The northwest of the Indian subcontinent, which now constitutes Pakistan, lies athwart the historic invasion routes through the Khyber, Gumal, and Bolan passes from central Asia to the heartland of India, and for thousands of years invaders and adventurers swept down upon the settlements there. The Indus valley civilization, which flourished from c.2600b.c. to c.1900 b.c., was one of the region's earliest civilizations. The Aryans, who surpassed the Indus, were followed by the Persians of the Achaemenid empire, who by c.500 b.c. reached the Indus River. Alexander the Great, conqueror of the Persian empire, invaded the Punjab in 326 b.c. The Seleucid empire, heir to Alexander's Indian conquest, was checked by the Mauryas, who by 305 b.c. occupied the Indus plain and much of Afghanistan.

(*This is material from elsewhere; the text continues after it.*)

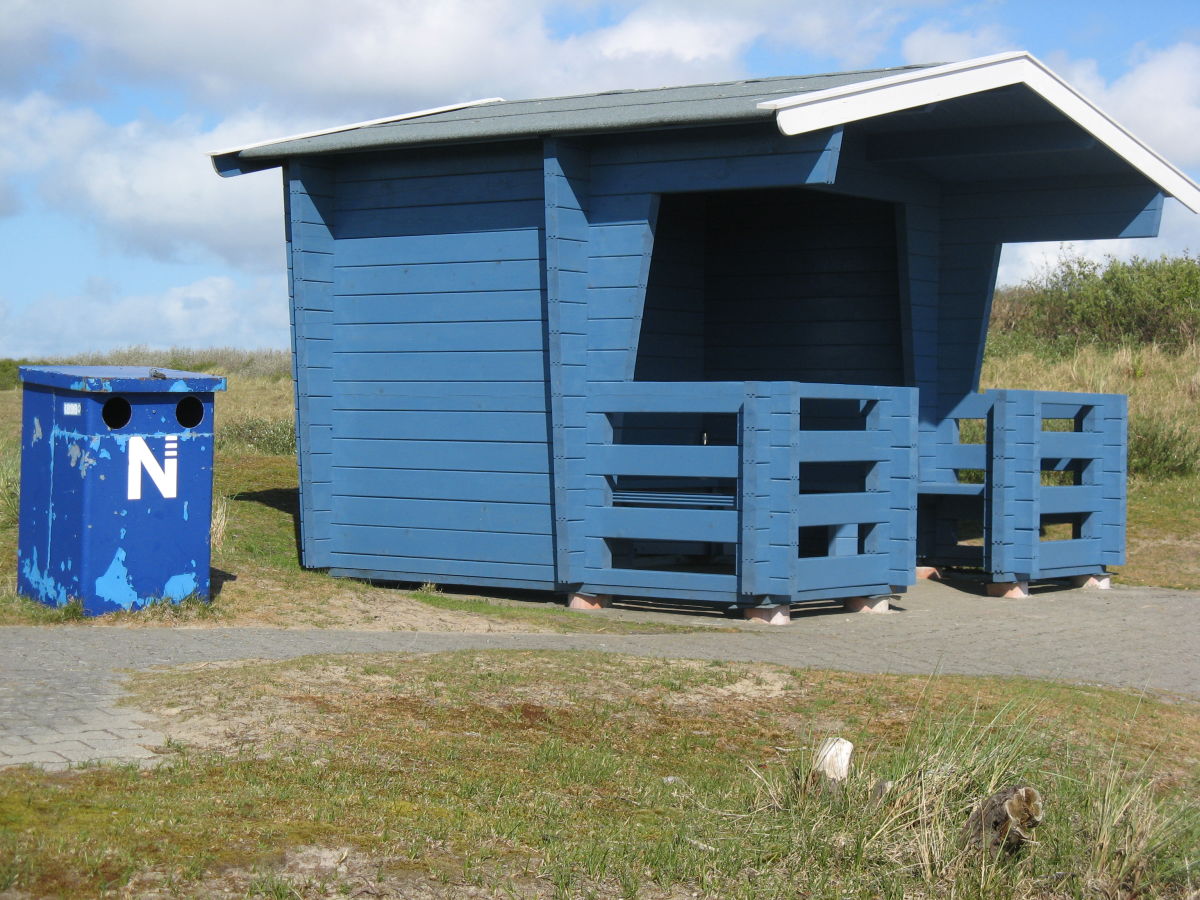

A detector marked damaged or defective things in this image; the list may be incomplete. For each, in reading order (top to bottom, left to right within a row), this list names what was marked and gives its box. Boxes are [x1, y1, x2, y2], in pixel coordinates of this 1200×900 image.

After the fall of the Mauryas (2d cent. b.c.) the Indo-Greek Bactrian kingdom rose to power, but was in turn overrun (c.97 b.c.) by Scythian nomads called Saka and then by the Parthians (c.a.d. 7). The Parthians, of Persian stock, were replaced by the Kushans; the Kushan Kanishka ruled (2d cent. a.d.) all of what is now Pakistan from his capital at Peshawar. In 712, the Muslim Arabs appeared in force and conquered Sind, and by 900 they controlled most of NW India. They were followed by the Ghaznavid and Ghorid Turks. The first Turki invaders reached Bengal c.1200 and an important Muslim center was established there, principally through conversion of the Hindus. Although the northeast of the Indian subcontinent (now Bangladesh) remained, with interruptions, part of a united Mughal empire in India from the early 16th cent. to 1857, the northwest changed hands many times before it became (1857) part of imperial British India. It was overrun by Persians in the late 1730s; by the Afghans, who held Sind and the Punjab during the latter half of the 18th cent.; and by the Sikhs, who rose to power in the Punjab under Ranjit Singh (1780–1839).